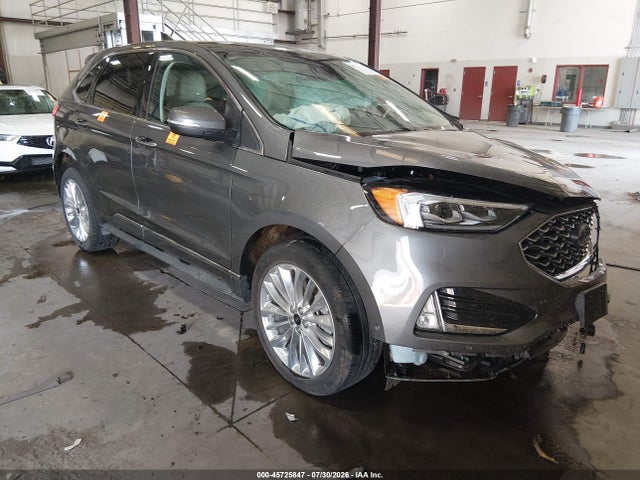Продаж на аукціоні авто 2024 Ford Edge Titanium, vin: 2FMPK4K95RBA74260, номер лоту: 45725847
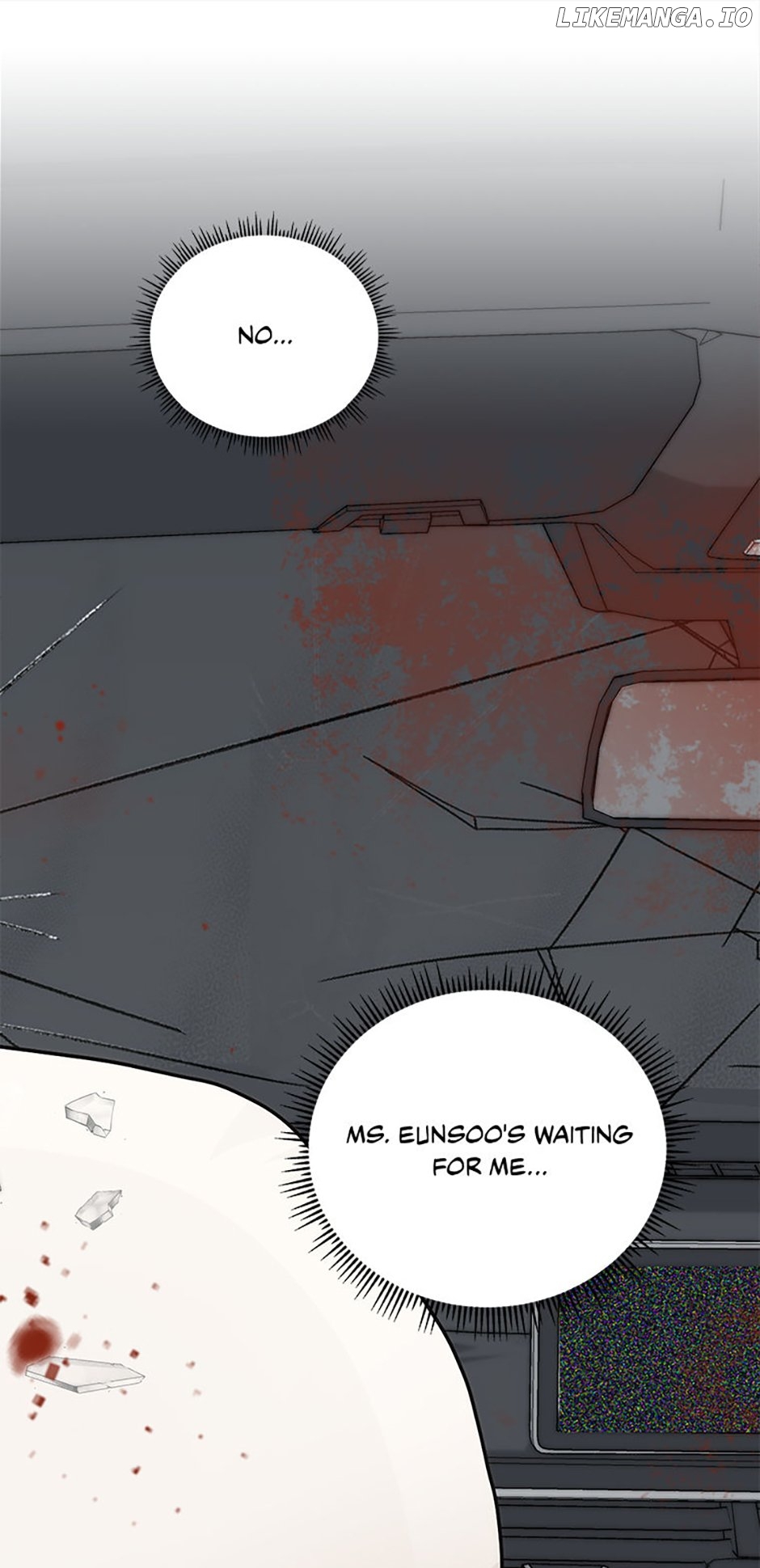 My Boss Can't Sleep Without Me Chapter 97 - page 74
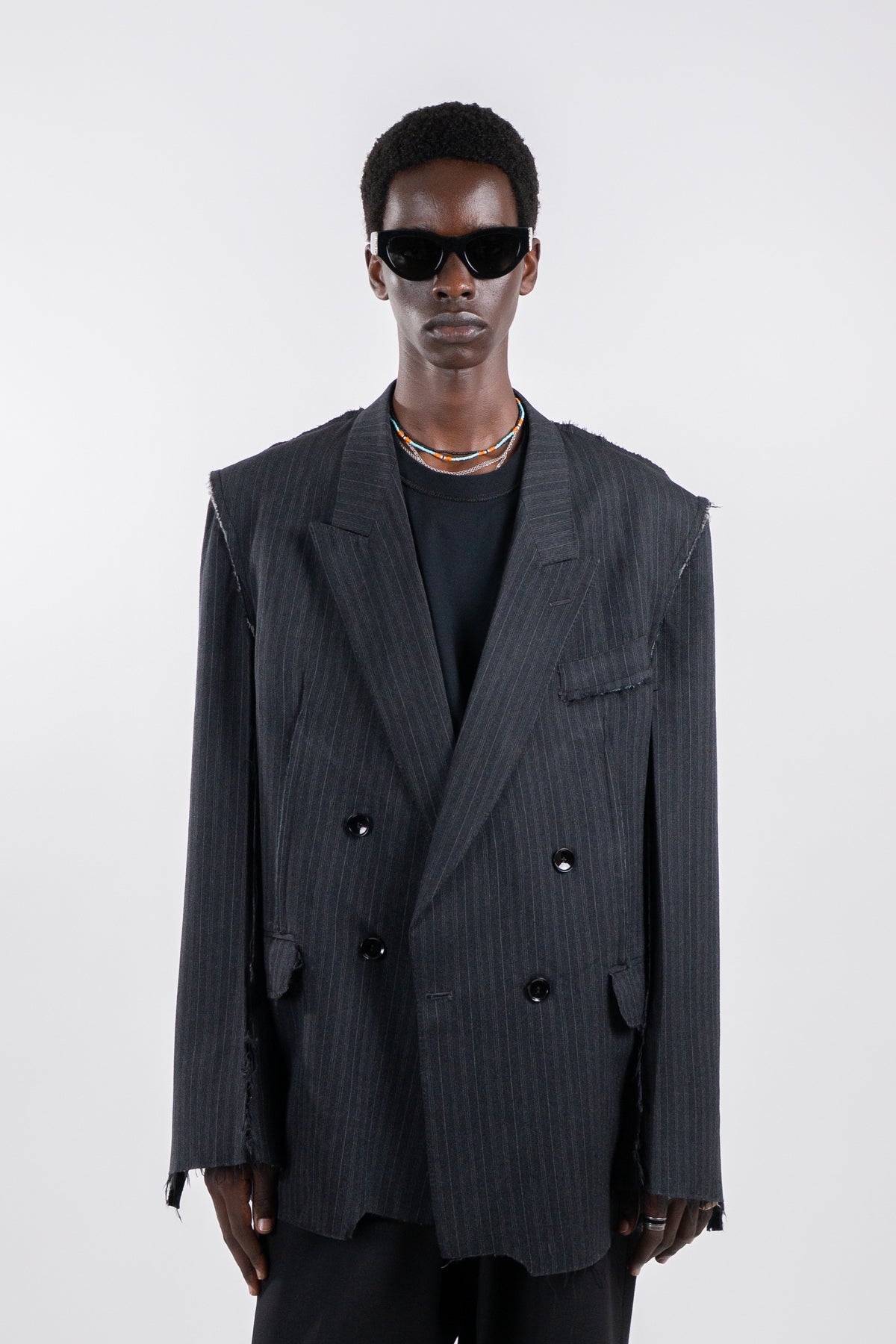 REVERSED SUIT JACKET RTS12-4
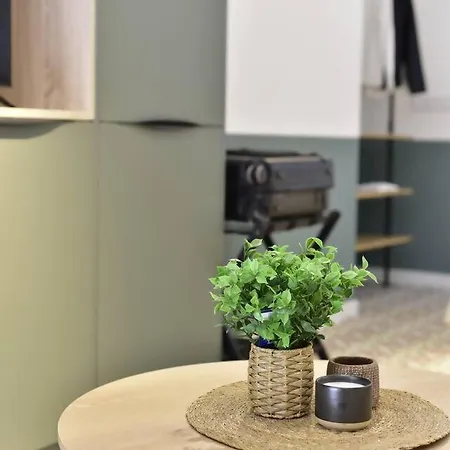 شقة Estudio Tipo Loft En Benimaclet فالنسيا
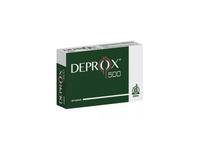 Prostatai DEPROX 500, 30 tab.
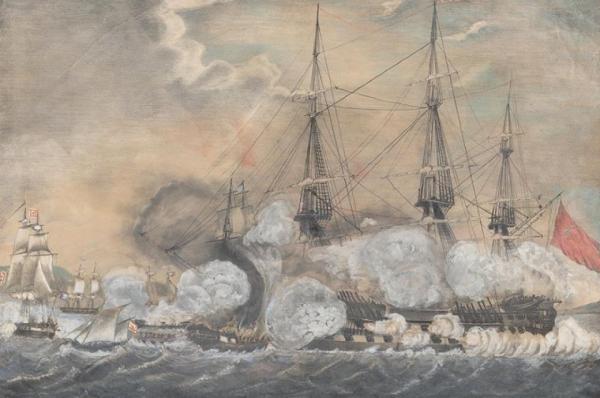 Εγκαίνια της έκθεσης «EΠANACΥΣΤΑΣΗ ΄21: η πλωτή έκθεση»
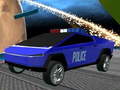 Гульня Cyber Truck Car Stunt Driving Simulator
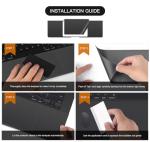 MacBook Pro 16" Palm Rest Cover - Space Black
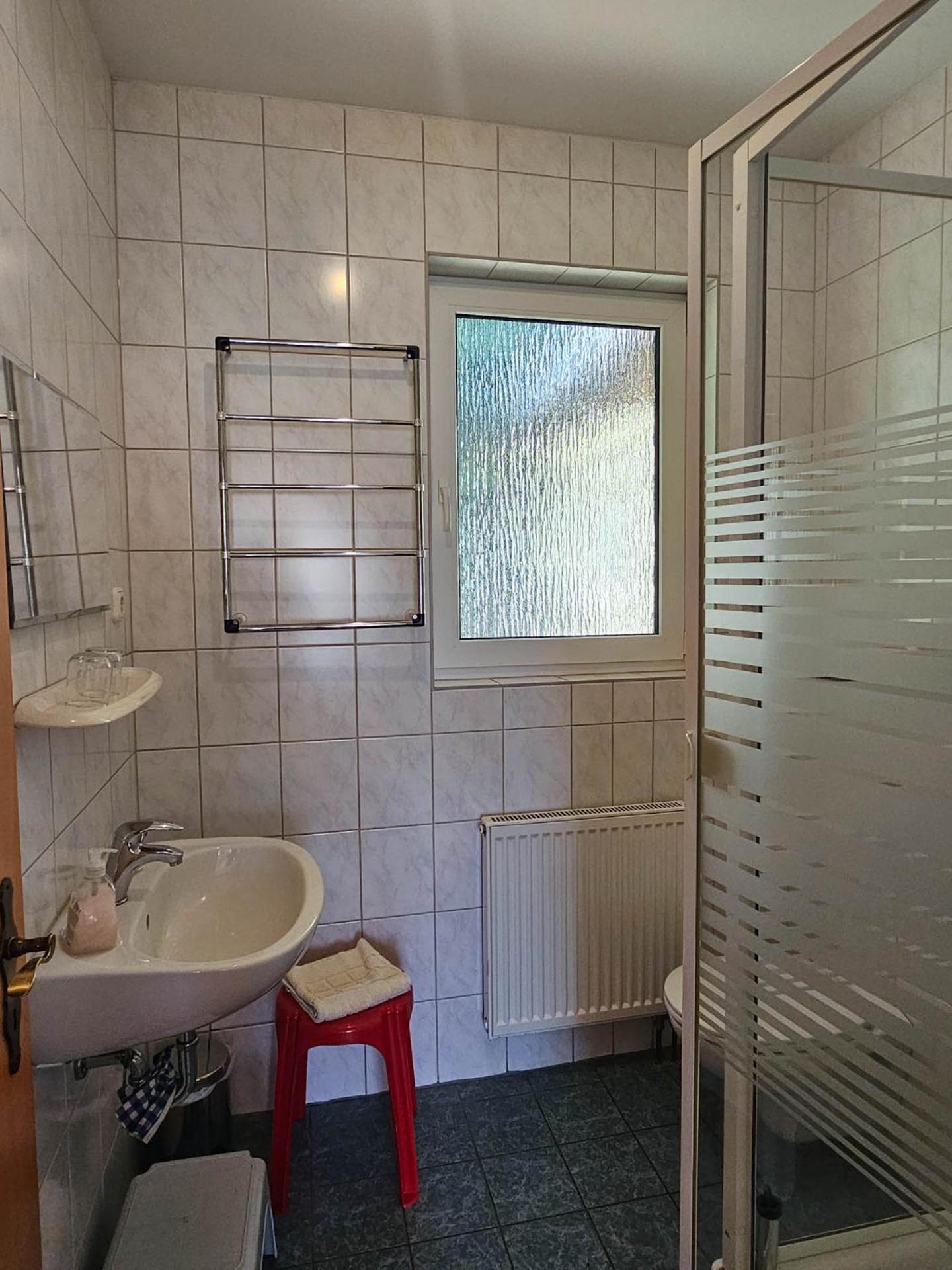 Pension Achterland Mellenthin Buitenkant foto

■ ■ ■ ■ ■ ■ ■

### [WORK TASK]
Full copy, no pictures: write out each line of the data exactly as it stands.

### [RESPONSE TO THE TASK]
Продаж на аукціоні авто 2024 Ford Edge Titanium, vin: 2FMPK4K95RBA74260, номер лоту: 45725847
 My Boss Can't Sleep Without Me Chapter 97 - page 74
 REVERSED SUIT JACKET RTS12-4
 شقة Estudio Tipo Loft En Benimaclet فالنسيا
 Prostatai DEPROX 500, 30 tab.
 Εγκαίνια της έκθεσης «EΠANACΥΣΤΑΣΗ ΄21: η πλωτή έκθεση»
 Гульня Cyber Truck Car Stunt Driving Simulator
 MacBook Pro 16" Palm Rest Cover - Space Black
 Pension Achterland Mellenthin Buitenkant foto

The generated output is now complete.